Segundo Sabyasachi, os maoístas mataram o swami porque ele era líder-chave do grupo hindu Vishwa Hindu Parishad (VHP). O VHP, conforme Sabyasachi, usava o dinheiro de comerciantes para sustentar sua ala jovem, o Bajrang Dal.

Sabyasachi também afirmou que o VHP dirige uma campanha contra os cristãos, acusando-os falsamente de converter hindus à força e de matar vacas, animais que hindus consideram ser sagrados.

“Isso nos levou a atacá-lo. Deixamos duas cartas alegando a responsabilidade do assassinato.

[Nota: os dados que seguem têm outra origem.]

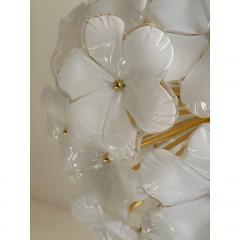  SimoEng Italian White Flowers Murano Style Glass Sputnik Chandelier - 4209415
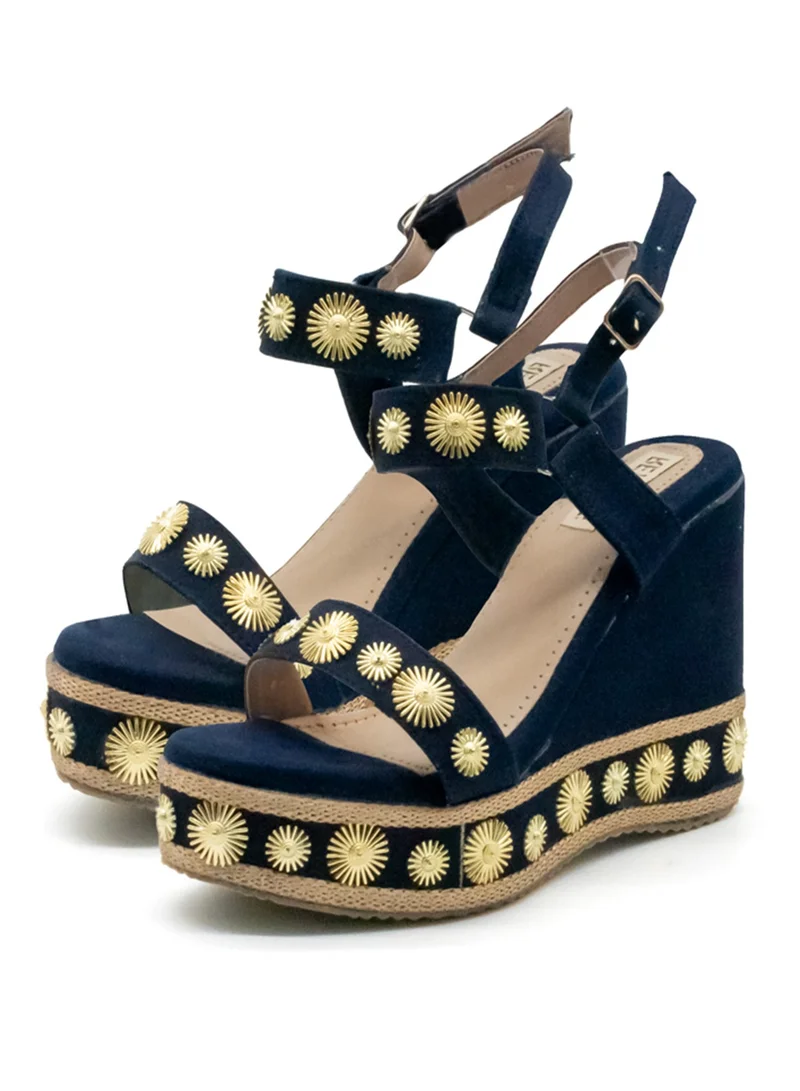 RETTROSE RETTROSE Jasmine Navy Luxury Women’s Wedge Heels – Hand Embellished Suede High Heel Sandals in Black-Toned Design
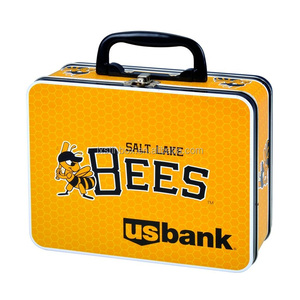 Custom design rectangular metal kids lunch tin box with lock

Mas o governo de Patnaik [Ministro Chefe do Estado de Orissa] omitiu essas cartas. O governo é dirigido pelo BJP [o partido nacionalista hindu Bharatiya Janata]; eles apóiam o VHP. O governo do Estado fez parecer que os cristãos eram responsáveis pelo ataque. A comunidade cristã em Orissa não tem nenhuma organização maoísta os apoiando aqui”, disse Sabyasachi.

Igreja incriminada

Depois de a polícia do Estado de Orissa confirmar que grupos maoístas teriam de fato assassinado o líder nacionalista hindu Laxmanananda Saraswati, um grupo extremista hindu publicou documentos que relacionam uma igreja ao assassinato.

Os documentos publicados pelo grupo Hindu Jagaran Samukhya (Sociedade para o Reavivamento Hindu, HJS) afirmam que o plano de matar Saraswati no distrito de Kandhamal foi decidido em uma reunião da Igreja Bethikala, em 25 de maio. Dezessete pessoas teriam participado da reunião, na qual líderes religiosos teriam emitido a ordem.

Essa informação foi veiculada pela Press Trust of India em 9 de outubro.

Líderes cristãos da localidade afirmam que tais documentos são falsos. Eles responderam às acusações, dizendo que iriam processar o grupo hindu por difamação.

Confissão sob tortura

Surgiram também relatos de que a polícia de Orissa havia prendido três cristãos tribais em ligação com o assassinato do líder hindu. O jornal The Indian Express relatou que os três confessaram sua participação no crime.

Um representante da Associação Cristã de Ajuda Legal disse à agência de notícias Compass que, conforme fontes, a polícia teria torturado os três, pressionando-os a confessar um crime que não cometeram.

Segundo o Conselho Geral dos Cristãos da Índia, a violência contra os cristãos já tirou a vida de mais de 60 pessoas. Mais de 18 mil foram feridas; 4.500 casas e igrejas foram destruídas na “vingança” da morte do líder hindu. Duas mulheres cristãs, entre elas uma freira, foram estupradas.

A violência, que se espalhou para 14 distritos de Orissa, deixaram mais de 50 mil pessoas desabrigadas.